(Bloomberg) -- People looking for free Wi-Fi with their latte will be relieved by a ruling from the European Union’s top court that protects shop owners from having to pay for illegal downloads by their customers.
Thursday’s ruling by the EU Court of Justice in Luxembourg leaves little room for Sony Music Entertainment and other copyright owners to attack businesses that offer free Wi-Fi over customers’ browsing habits.
The case was brought by Tobias Mc Fadden, the owner of a German lighting and sound system business, who sued Sony Music after the company sought compensation because someone used his Wi-Fi hotspot to download songs illegally.
A ruling in favor of Sony could have made businesses reluctant to offer free internet access, but Mc Fadden, a member of the German Pirate political party, said that he was disappointed that the court said shop owners and other providers may have to use a Wi-Fi password.
“We don’t see it as a totally positive ruling because of the possibility the EU court gave today that we could be ordered to add a password protection,” the 42-year-old said by phone from Berlin Thursday. “That would go against the idea of free Wi-FI.”

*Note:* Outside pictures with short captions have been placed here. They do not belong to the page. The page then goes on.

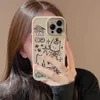 Mobiltelefonfodral Cartoon Sketching Graffiti Animal Lcuky Cat Butterfly Soft Cover iPhone 15 14 13 12 Pro Max 7 8 Plus X XR XS Stuffsäkert fall J240418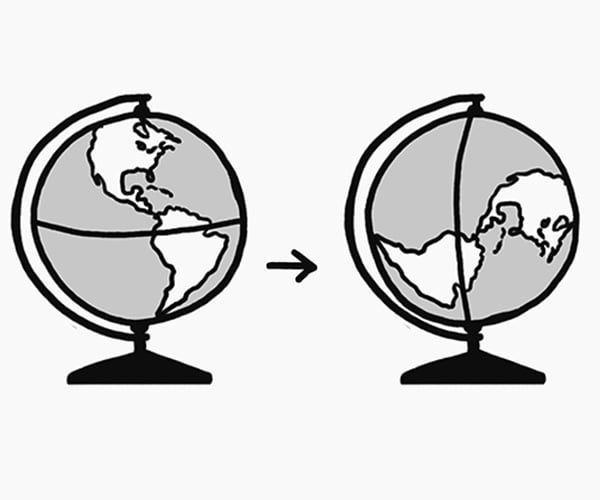 What If the Earth’s Land Masses Rotated 90 Degrees?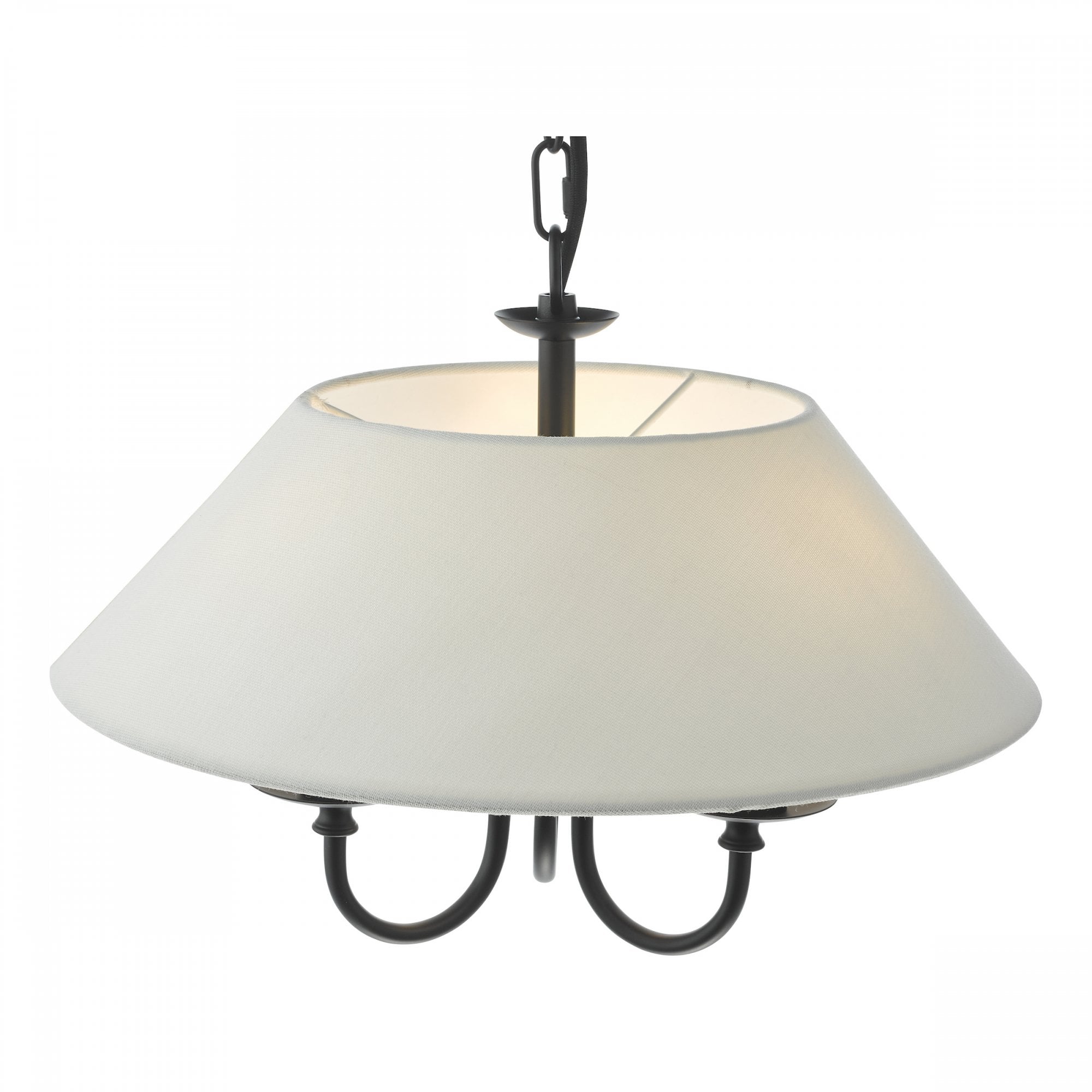 Sivan Elegant 3 Light Ceiling Pendant Light In Matt Black Finish With Linen Shade SIV0322
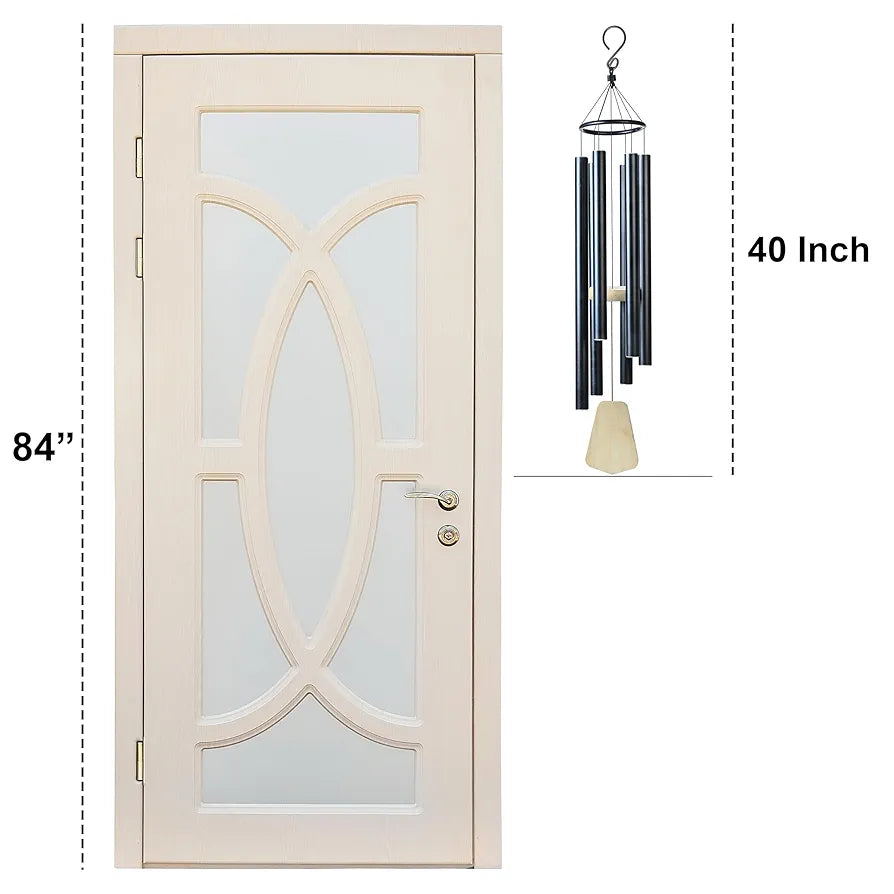 ZAICUS 41 Inch Large Wind Chime for Home Balcony, Outdoor Garden & Vastu – Soothing Sound, Hanging Décor- Black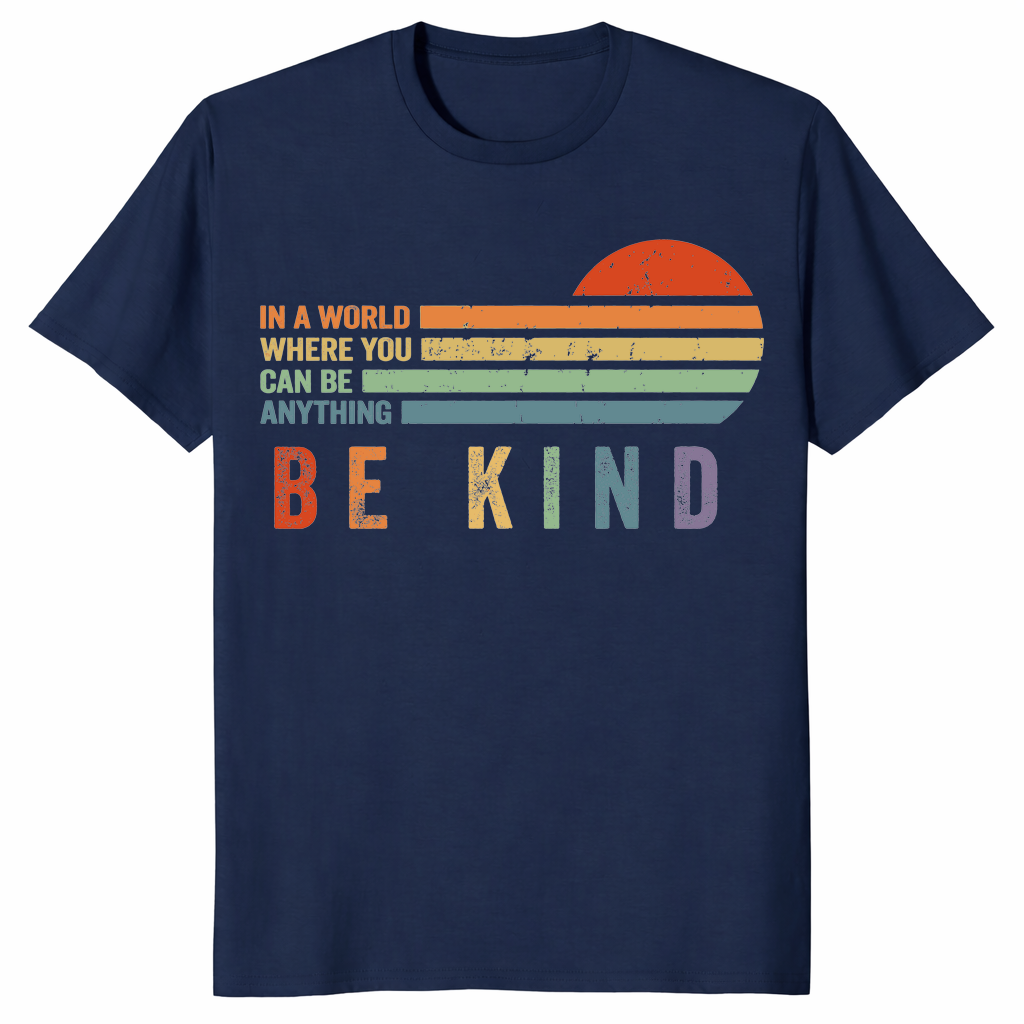 Be kind retro sunset shirt in navy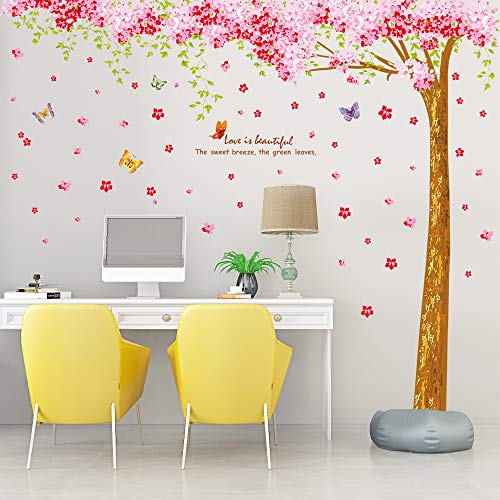 Vinilo decorativo gigante removible árbol de cerezo rosa miniatura 3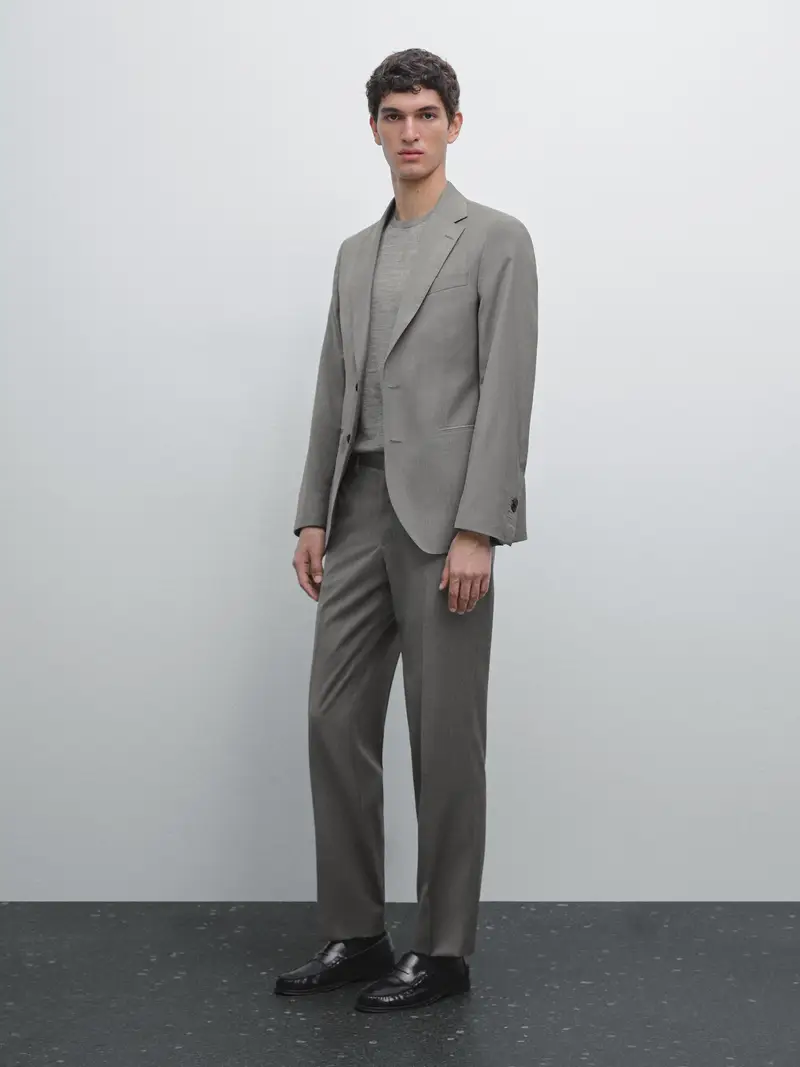 Pantaloni Da Completo 100% Lana - Grigio - (It 48) - Massimo Dutti - Maschile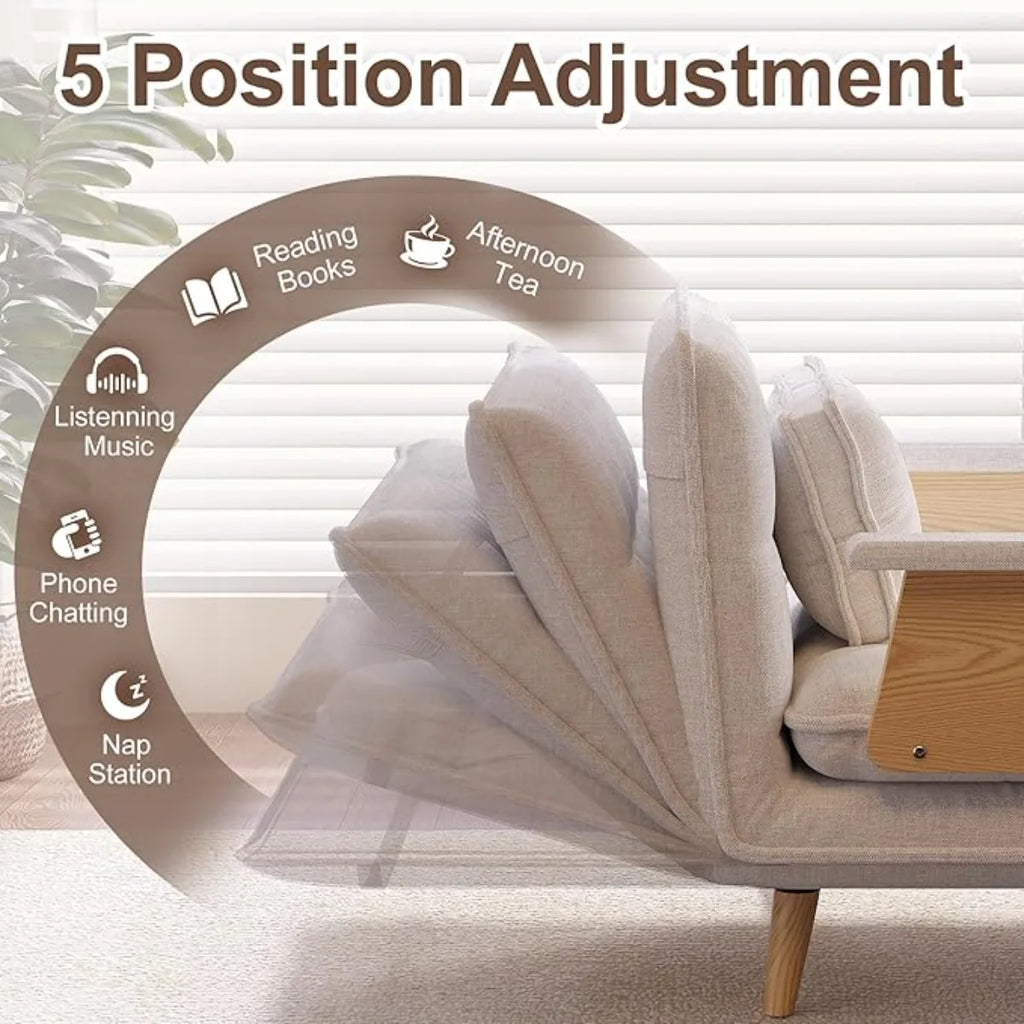 3-in -1 Sleeper Chair Bed, Linen Folding Armchair Sleeper, Adjustable Backrest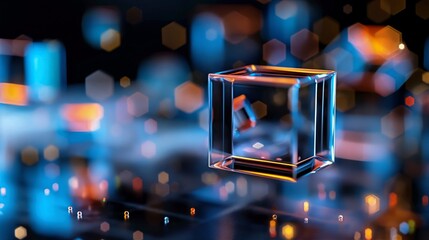 Glass cube levitating over sleek cityscape, prismatic hexagonal light patterns radiating technological elegance and futuristic design aesthetic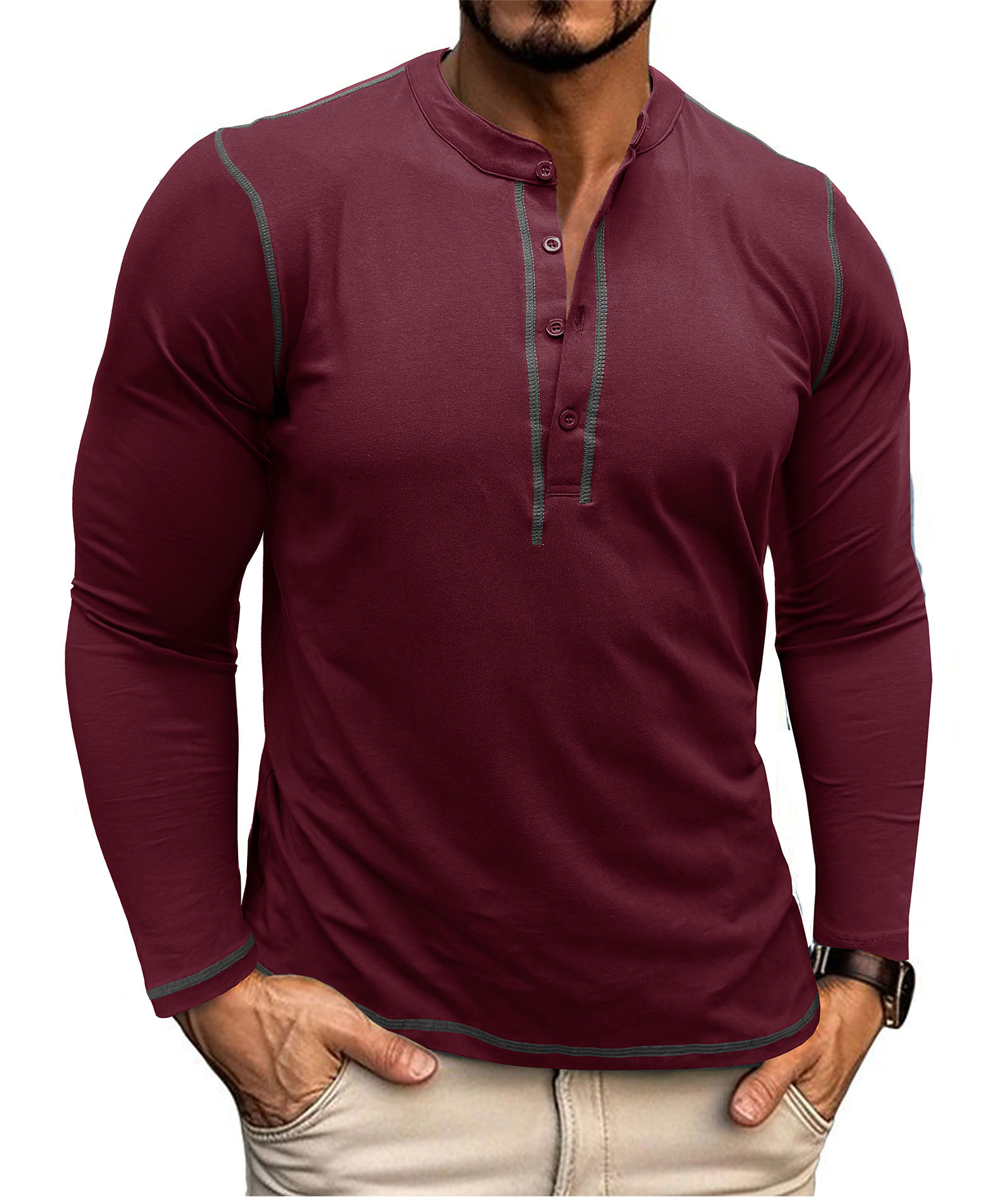 Mens Long Sleeve Henley Shirts Casual Classic Cotton T-Shirt Lightweight Button Tshirts Solid Basic Tee Shirt Tops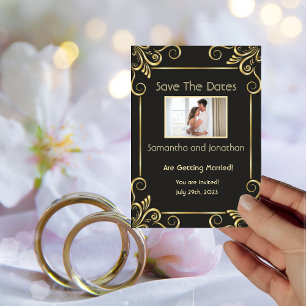 Elegant Gold Art Deco Vintage Save The Dates Card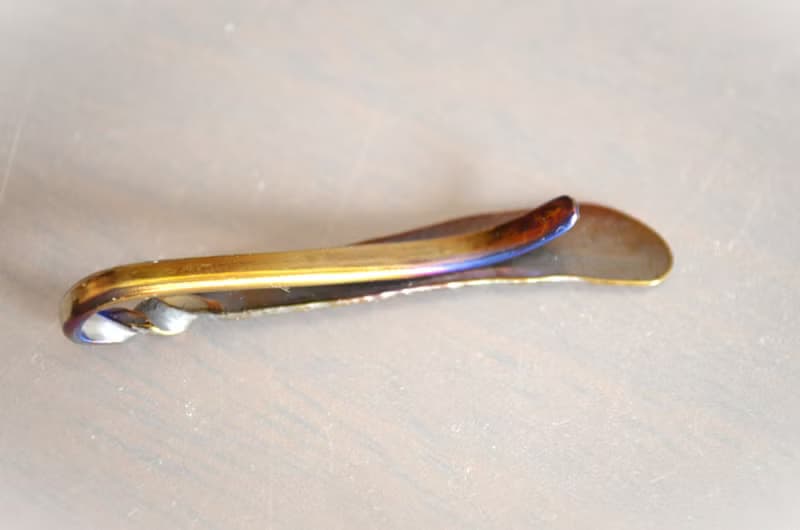 Titanium tie bar・飾り羽の純チタンネクタイピン５６mm・A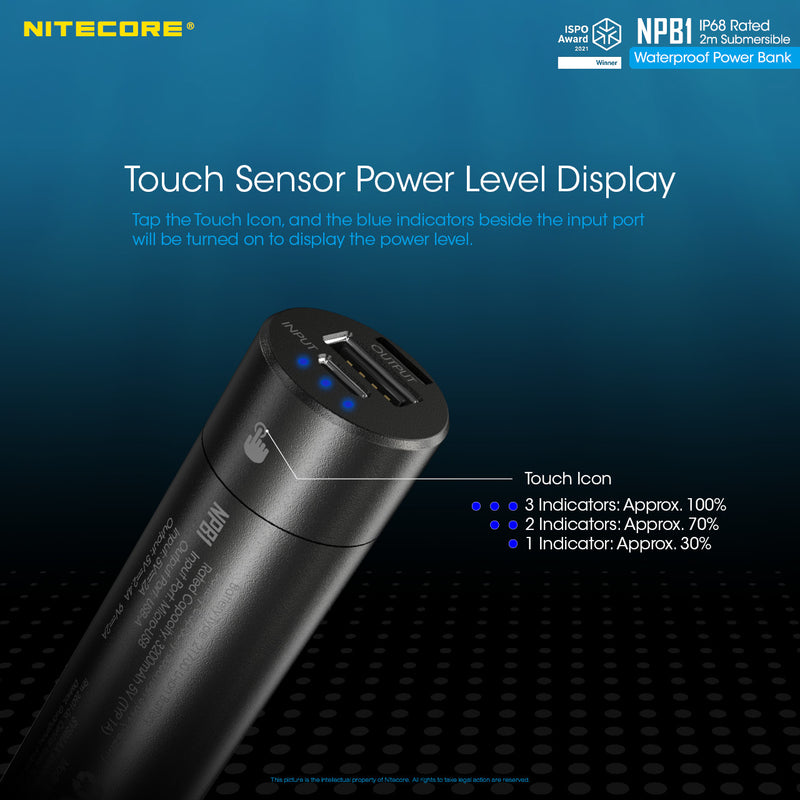 Nitecore NPB1 has a touch sensor power  level display.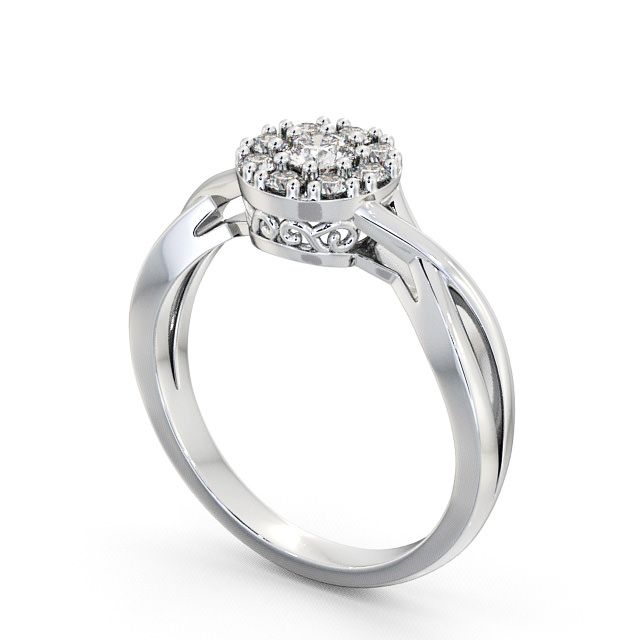 Cluster Diamond Ring 18K White Gold - Ratho CL14_WG_SIDE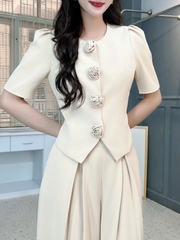 Set Vest Nữ Áo Cổ Tròn Tay Ngắn Nút Đính Hoa Hồng Mix Quần Xếp Ly Dáng Dài MIMIX - FK8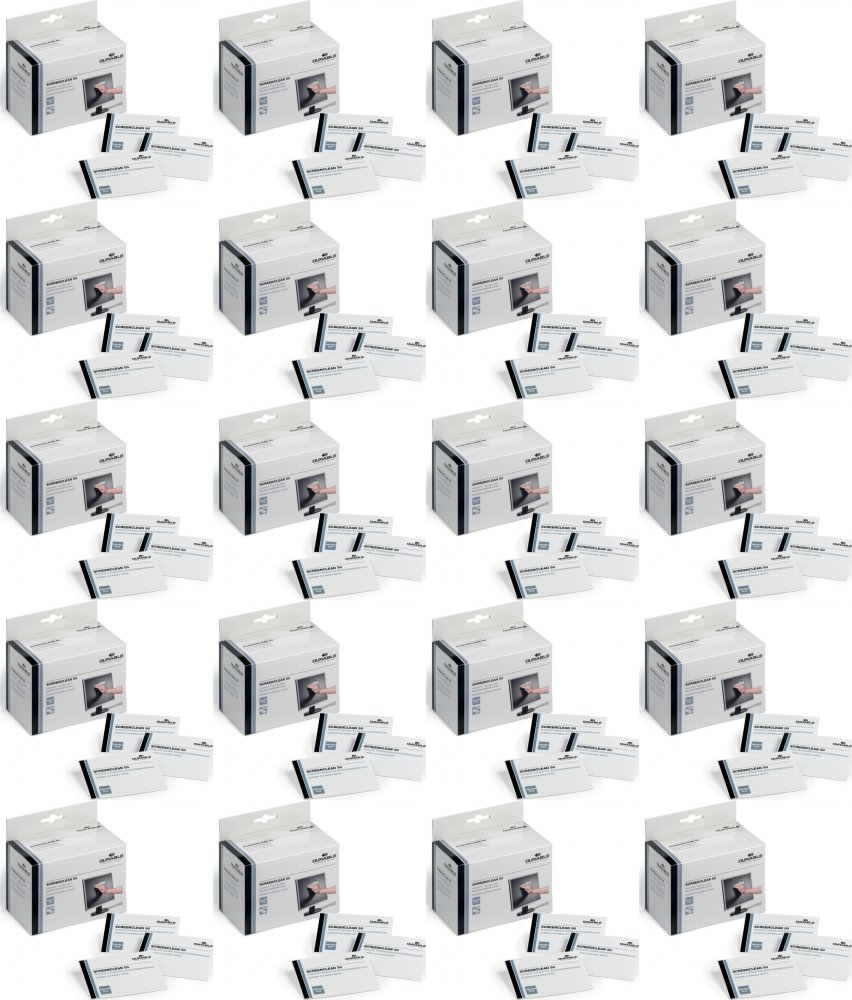20x Chusteczki do czyszczenia ekranów, tabletów i laptopów Durable Screenclean, 50 sztuk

Officials at Sony in the U.K. and Germany couldn’t be immediately reached to comment.
EU judges have aggressively set policies that alter how business is done on the internet. The same court two years ago sent shock-waves around the world when it granted citizens a so-called right to be forgotten, forcing Google to remove links to outdated or inaccurate personal information on request. And just last week it increased the ability of some copyright owners to block hyperlinks without permission.
Thursday’s case is C-484/14, Tobias McFadden v. Sony Music Entertainment Germany GmbH.